As of March 2018, the population of New Zealand is estimated at 4.8 million people.
With a total population density of 17.2 people per square kilometre, the distribution of the population across the country is extremely uneven. Therefore, almost at any point, it is easy to find a place of complete solitude with nature. More than ¾ of the entire population is concentrated on the northern island, most of which lives in two capitals of the country: political – Wellington and business – Auckland.
At the end of 2017, the birth rate in the country was 2 times higher than the death rate, and the population growth due to immigrants averaged 4 people per day, and a further increase in this indicator is predicted.
Life expectancy for indigenous New Zealand residents is 83 years for women and nearly 80 years for men, placing the country 17th overall in life expectancy globally.
In 2018, a complete census of the population of New Zealand was carried out, the results of which will be known by the end of 2018. Based on the results of the previous census conducted in 2013:
- 74% of the population are mainly descendants of European settlers, mostly British.
- The indigenous people of the Maori are the second largest ethnic group – 15% of the population or 600 thousand representatives. Less than 8% are migrants from the Pacific Islands.
- The third-largest ethnic group is Asians – 11.8%, the bulk of which are representatives of China and India.
- About 5% are representatives of non-New Zealand Europeans, which include representatives of Russia and the CIS countries – about 6 thousand people at the time of the census. The total indicator in the presented data on ethnic groups exceeds 100% since during the census it was possible to select more than one group.
PRESERVATION AND MAINTENANCE OF A MULTINATIONAL CULTURE
Unlike neighbouring Australia, whereby the beginning of the 20th century, due to the active economic activity of Europeans, the aborigines were on the verge of extinction, the tribes of New Zealand were not so badly affected. On the contrary, their numbers have increased significantly compared to the pre-colonial period.
According to very rough estimates, the number of Maori who settled the New Zealand Islands at the beginning of the 19th century was 100 thousand people. But by the beginning of the 20th century, according to some sources, their number had decreased by 60%. This was influenced by the following factors:
- high mortality from diseases brought by European colonisation (influenza, smallpox and measles);
- “Musket Wars” – confrontations between tribes, which became more threatening after the aborigines received firearms;
- military conflicts between colonists and Maori.

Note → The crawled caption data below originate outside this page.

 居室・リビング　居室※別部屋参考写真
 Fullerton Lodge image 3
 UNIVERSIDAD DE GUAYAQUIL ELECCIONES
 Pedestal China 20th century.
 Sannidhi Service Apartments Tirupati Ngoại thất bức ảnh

However, the indigenous people realised the advantages of European civilisation and were able to adapt to it, and the colonialists, in turn, pursued a policy of supporting and educating the indigenous people. This led to a subsequent increase in the indigenous population of New Zealand, which continues to this day.
According to 2013, the number of Maori living in New Zealand is 600 thousand people, which is 15% of the total population of the country. Besides, a fairly large group of Maori lives in Australia – about 140 thousand people.

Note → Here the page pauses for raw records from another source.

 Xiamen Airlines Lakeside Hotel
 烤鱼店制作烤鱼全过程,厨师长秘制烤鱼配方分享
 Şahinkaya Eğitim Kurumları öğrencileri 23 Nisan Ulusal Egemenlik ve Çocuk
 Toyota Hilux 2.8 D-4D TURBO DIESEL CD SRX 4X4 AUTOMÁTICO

Thus, New Zealand very quickly embarked on the path of racial harmony, where representatives of different cultures coexisted quite peacefully with each other, without being subjected to discrimination on racial or ethnic grounds. A prime example of this was the election of an unbaptised Jew, Julius Vogel, as the eighth prime minister of New Zealand. The Maori also soon got into parliament, where they were given 4 seats in 1868.
To fully appreciate the multi-nationality of New Zealand and cultural diversity, you can find yourself on the central street of Auckland on Queen street, where hundreds of languages and dialects are simultaneously spoken. New Zealand recognises and supports the harmonious development of cultural diversity in society. Cultural festivals are held in cities, organisations are encouraged to promote multiculturalism among staff, and students are encouraged to share their culture in schools.